Thanks Alex for taking the time to explain your thoughts and the work of Dr Martinovic. Does he suggest a lower fat intake, or just a lowering of foods high in arachidonic acid (never heard of it beofre - sounds like spiders! yuck.)
Take care, Justy.
Hi, the aim is to regulate arachidonic acid, which is the quintessential omega-6 fat. So it needs to be decreased, but he also regulated other fats. How our body handles other fats affects how we handle arachidonic acid (according to his model, and in his clinical findings). In my case I think my ideal was about 2.2% by calorie of polunsaturated fat, the same for saturated, and about 6% monounsaturated fat. Having to analyze this on a regular basis is extremely hard for sick patients, even with a computer program that did it for you. Each of these fats was individually titrated to symptoms, using what is called a hill climbing method. There were extensive symptom charts and a few tests that were used, and changes were made in the diet. If the symptoms improved, the direction of change was continued, in small increments. If it got worse, the direction was altered.
Other factors into play as well. Redox balance is critical, and especially the absolute concentration of reduced glutathione. So antioxidants and even the methylation issues are important, not to mention nitrosative stress. Martinovic tried to account for nitrosative stress, but I never heard him discuss the methylation cycle in the context of our more recent understanding - his work was a decade and a half too soon for that.

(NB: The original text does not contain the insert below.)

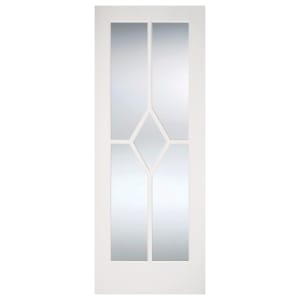 Image of LPD Internal Reims 5 Lite Glazed Primed White Solid Core Door - 686 x 1981mm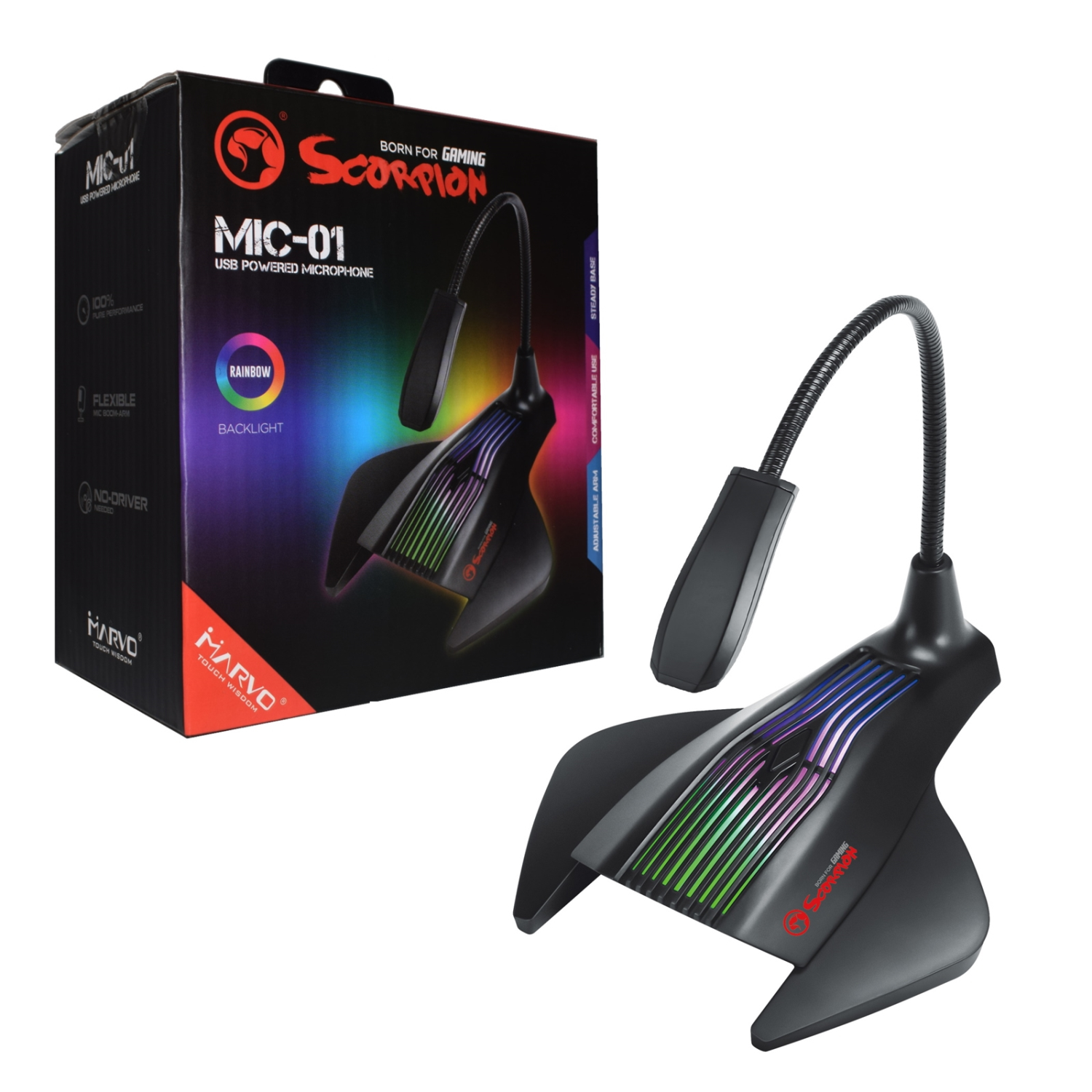 Marvo MIC-01 Microphones - Black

One thing needs to be made very clear though: decreasing omega-6 levels too far will have very severe negative consequences. This is about balance, these fats are essential fats and cannot be eliminated from the diet without drastic consequences.
There is a problem with hill climbing methods, called false optima. If there is a local condition that is an improvement but not a good one the patient could go there and not improve further. If that happened it was back to the start and do it all over again.
He never got around to splitting the polyunsaturated fat into omega-6 and -3 in his research that I know of, but this might have made a difference.
Just a caution: only one other doctor that I know of ever worked on this model, it was not widely replicated. However I have seen long term highly disabled patients improve enough to regularly exercise. Thats a big deal. I think there were a very small number of spontaneous full remissions, but he never figured out why. In his later research he was tying this in with hormonal cycles, but at about that point he got out of research and I do not think it was ever published.
This is not an approach that most patients can take on their own, it is too complicated and easy to do wrong. In addition if complications arise the patient had to go back to the doctor. Since he no longer does this, none of us have that option.
Dr Sears' Zone diet aimed at doing something similar, but in this case it was a higher protein and fat diet, with decreased carbs, a very different approach. It can work but not as well, and is also difficult to sustain during relapses as its too much work to buy and prep the food, at least that was my experience.